Моя библиотека на третьем этаже башни. В первом — часовня, во втором — комната с примыкающей к ней каморкой, в которую я часто уединяюсь прилечь среди дня. Наверху — просторная гардеробная. Помещение, в котором я держу книги, было в прошлом самым бесполезным во всем моем доме. Теперь я провожу в нем большую часть дней в году и большую часть часов на протяжении дня. Ночью, однако, я тут никогда не бываю. Рядом с библиотекой есть довольно приличный и удобно устроенный нужник, который в зимнее время можно отапливать. И если бы я не страшился хлопот еще больше, чем трат, я мог бы легко добавить с обеих сторон на одном уровне с библиотекой по галерее длиной в сто и шириной в двенадцать шагов, ибо стены для них, возведенные до меня в других целях, поднимаются до потребной мне высоты. Всякому пребывающему в уединении нужно располагать местом, где бы он мог прохаживаться.
Если я даю моим мыслям роздых, они сразу же погружаются в сон. Мой ум цепенеет, если мои ноги его не взбадривают. Кто познает не только по книгам, те всегда таковы.
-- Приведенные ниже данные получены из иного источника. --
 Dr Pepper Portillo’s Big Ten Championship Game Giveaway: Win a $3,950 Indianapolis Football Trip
Моя библиотека размещена в круглой комнате, и свободного пространства в ней ровно столько, сколько требуется для стола и кресла; у ее изогнутых дугой стен расставлены пятиярусные книжные полки, и куда бы я ни взглянул, отовсюду смотрят на меня мои книги. В ней три окна, из которых открываются прекрасные и далекие виды, и она имеет шестнадцать шагов в диаметре. Зимой я посещаю ее менее регулярно, ибо мой дом, как подсказывает его название, стоит на юру [26], и в нем не найти другой комнаты, столь же открытой ветрам, как эта; но мне нравится в ней и то, что она не очень удобна и находится на отлете, так как первое некоторым образом закаляет меня, а второе дает мне возможность ускользать от домашней сутолоки и суеты.
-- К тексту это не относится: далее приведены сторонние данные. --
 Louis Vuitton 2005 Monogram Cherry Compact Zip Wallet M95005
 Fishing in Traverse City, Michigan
Это — мое пристанище. Я стремлюсь обеспечить за собой безраздельное владение им и оградить его от каких бы то ни было посягательств со стороны тех, кто может притязать на него в силу супружеских, семейных или общественных отношений. Повсюду, кроме как в нем, власть моя в сущности номинальна и стоит немногого. Жалок, по-моему, тот, кто не имеет у себя дома местечка, где бы он был и впрямь у себя, где мог бы отдаться личным заботам о себе или укрыться от чужих взглядов! За тщеславие нужно расплачиваться немалыми жертвами, ибо тех, кто одержим этой страстью, она заставляет быть всегда на виду, точно они — статуя на рыночной площади: Magna servitus est magna fortuna [27]. Даже уединение не приносит им одиночества. В том суровом образе жизни, которому предаются наши монахи, нет, на мой взгляд, ничего более тягостного, чем порядок, ставший, как видно, правилом в некоторых орденах, — я имею в виду постоянное сожительство всех в одном месте и присутствие многих при любом действии каждого из них. И я нахожу более предпочтительным пребывать всегда в одиночестве, чем не иметь возможности иногда остаться наедине с собою самим.
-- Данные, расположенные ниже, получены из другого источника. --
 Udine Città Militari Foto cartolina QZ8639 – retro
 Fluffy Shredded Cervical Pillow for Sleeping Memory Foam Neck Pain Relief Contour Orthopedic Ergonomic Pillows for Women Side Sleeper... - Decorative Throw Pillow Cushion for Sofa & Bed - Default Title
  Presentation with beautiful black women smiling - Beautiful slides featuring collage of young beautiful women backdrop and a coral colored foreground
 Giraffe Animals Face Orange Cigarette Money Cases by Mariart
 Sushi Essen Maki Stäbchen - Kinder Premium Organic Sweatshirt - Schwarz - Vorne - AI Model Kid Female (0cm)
Кто заявляет, что видеть в музах только игрушку и прибегать к ним ради забавы означает унижать их достоинство, тот, в отличие от меня, очевидно, не знает действительной ценности удовольствия, игры и забавы. Я едва не сказал, что преследовать какие-либо другие цели при обращении к музам смешно. Я живу со дня на день и, говоря по совести, живу лишь для себя; мои намерения дальше этого не идут. В юности я учился, чтобы похваляться своей ученостью; затем — короткое время — чтобы набраться благоразумия; теперь — чтобы тешить себя хоть чем-нибудь; и никогда — ради прямой корысти. Пустое и разорительное влечение к домашней утвари этого рода — я говорю о книгах, — направленное не только на удовлетворение потребности в знаниях, но на три четверти и на то, чтобы принарядиться и приукраситься в глазах окружающих — такое влечение я уже давно поборол.